- **What is being asked**
"Par de Pulseiras" appears in one line of the records below. Output that line and each one after it, exactly, through the last line.

Excerpts from a dataset:
——
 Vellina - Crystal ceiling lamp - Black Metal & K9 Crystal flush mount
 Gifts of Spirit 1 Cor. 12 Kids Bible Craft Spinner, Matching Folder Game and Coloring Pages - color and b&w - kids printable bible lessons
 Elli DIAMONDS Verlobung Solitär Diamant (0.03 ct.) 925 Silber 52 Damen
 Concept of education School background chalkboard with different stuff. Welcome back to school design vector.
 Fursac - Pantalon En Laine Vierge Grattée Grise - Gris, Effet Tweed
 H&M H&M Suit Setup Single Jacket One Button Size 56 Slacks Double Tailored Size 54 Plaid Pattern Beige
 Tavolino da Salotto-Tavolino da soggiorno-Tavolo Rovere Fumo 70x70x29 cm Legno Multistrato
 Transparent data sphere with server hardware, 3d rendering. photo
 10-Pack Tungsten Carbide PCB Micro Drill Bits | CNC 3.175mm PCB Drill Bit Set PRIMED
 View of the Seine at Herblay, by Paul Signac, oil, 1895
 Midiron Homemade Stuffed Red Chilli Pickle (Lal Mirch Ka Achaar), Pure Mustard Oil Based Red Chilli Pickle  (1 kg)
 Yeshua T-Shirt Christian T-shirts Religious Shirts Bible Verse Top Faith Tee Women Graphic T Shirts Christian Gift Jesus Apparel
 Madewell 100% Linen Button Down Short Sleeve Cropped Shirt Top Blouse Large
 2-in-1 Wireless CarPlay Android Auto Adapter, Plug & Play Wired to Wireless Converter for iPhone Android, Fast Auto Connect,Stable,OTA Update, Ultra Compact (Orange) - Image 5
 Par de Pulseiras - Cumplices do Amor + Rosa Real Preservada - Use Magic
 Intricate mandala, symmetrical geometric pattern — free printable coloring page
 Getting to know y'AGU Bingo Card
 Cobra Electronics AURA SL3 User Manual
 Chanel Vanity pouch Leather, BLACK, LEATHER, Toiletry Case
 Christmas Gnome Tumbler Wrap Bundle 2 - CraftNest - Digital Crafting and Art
——
- **Result of this exercise**
 Par de Pulseiras - Cumplices do Amor + Rosa Real Preservada - Use Magic
 Intricate mandala, symmetrical geometric pattern — free printable coloring page
 Getting to know y'AGU Bingo Card
 Cobra Electronics AURA SL3 User Manual
 Chanel Vanity pouch Leather, BLACK, LEATHER, Toiletry Case
 Christmas Gnome Tumbler Wrap Bundle 2 - CraftNest - Digital Crafting and Art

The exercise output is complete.